• YOUR ASSIGNMENT:
From the line containing "Neck Lift Before & After Patient #3665" through the last line of the records below, output every line exactly, both ends included, except the pictures.

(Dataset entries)
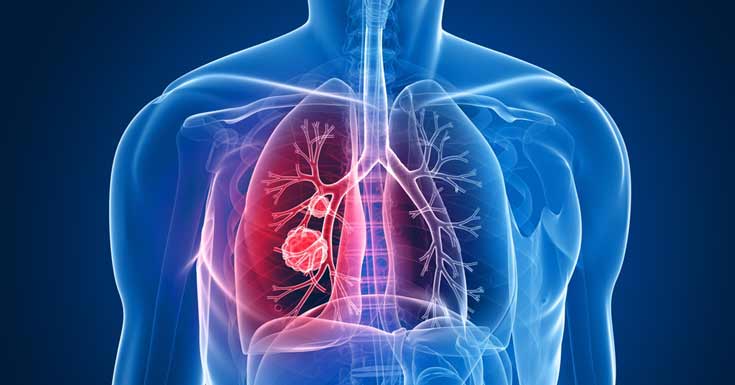 Lung Cancer causes, symptoms, stages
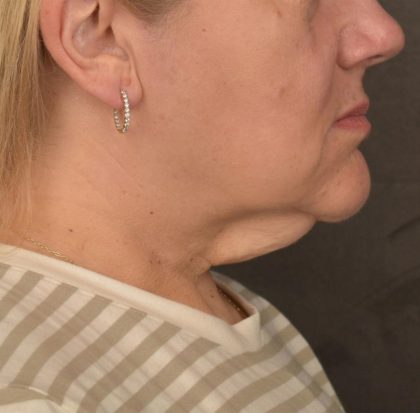 Neck Lift Before & After Patient #3665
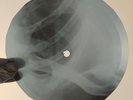 NINA SIMONE SATIN DOLL X-Ray USSR Record Roentgen Bones Ribs Music Vinyl
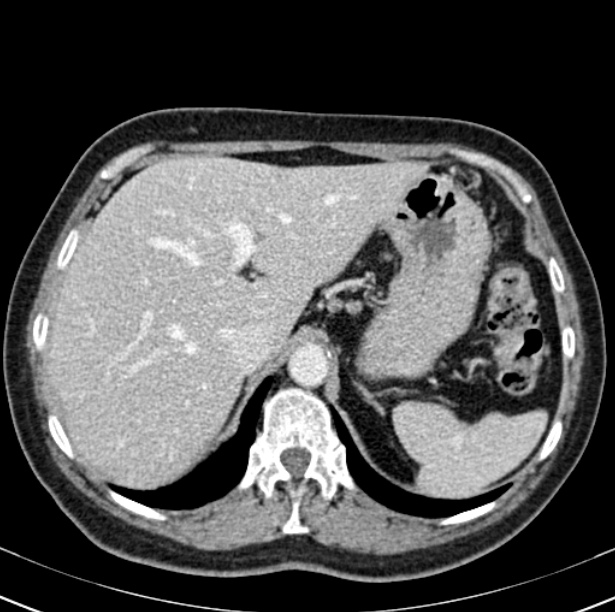 Colon carcinoma with hepatic metastases (Radiopaedia 29477-29961 A 24).jpg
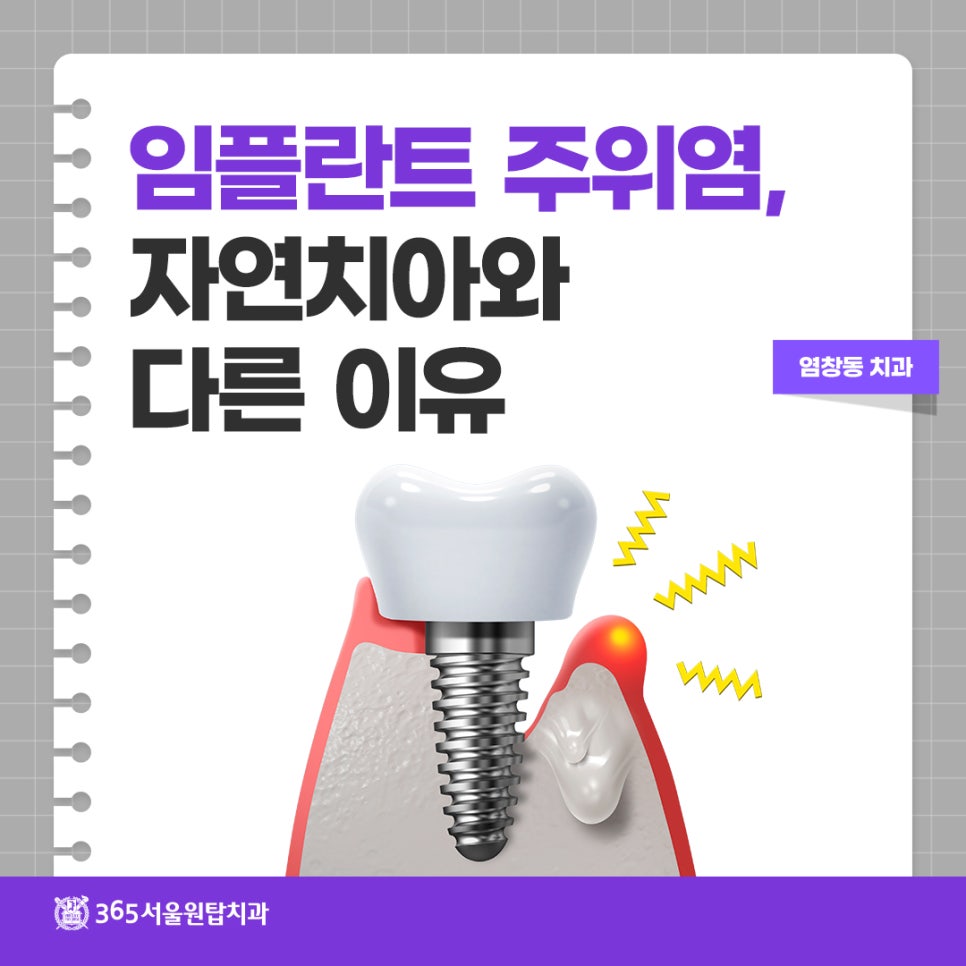 염창동치과 임플란트 주위염과 치주인대, 자연치아와 다른 이유 관련 이미지 10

• OUTPUT BELOW:
 Neck Lift Before & After Patient #3665
 NINA SIMONE SATIN DOLL X-Ray USSR Record Roentgen Bones Ribs Music Vinyl
 Colon carcinoma with hepatic metastases (Radiopaedia 29477-29961 A 24).jpg
 염창동치과 임플란트 주위염과 치주인대, 자연치아와 다른 이유 관련 이미지 10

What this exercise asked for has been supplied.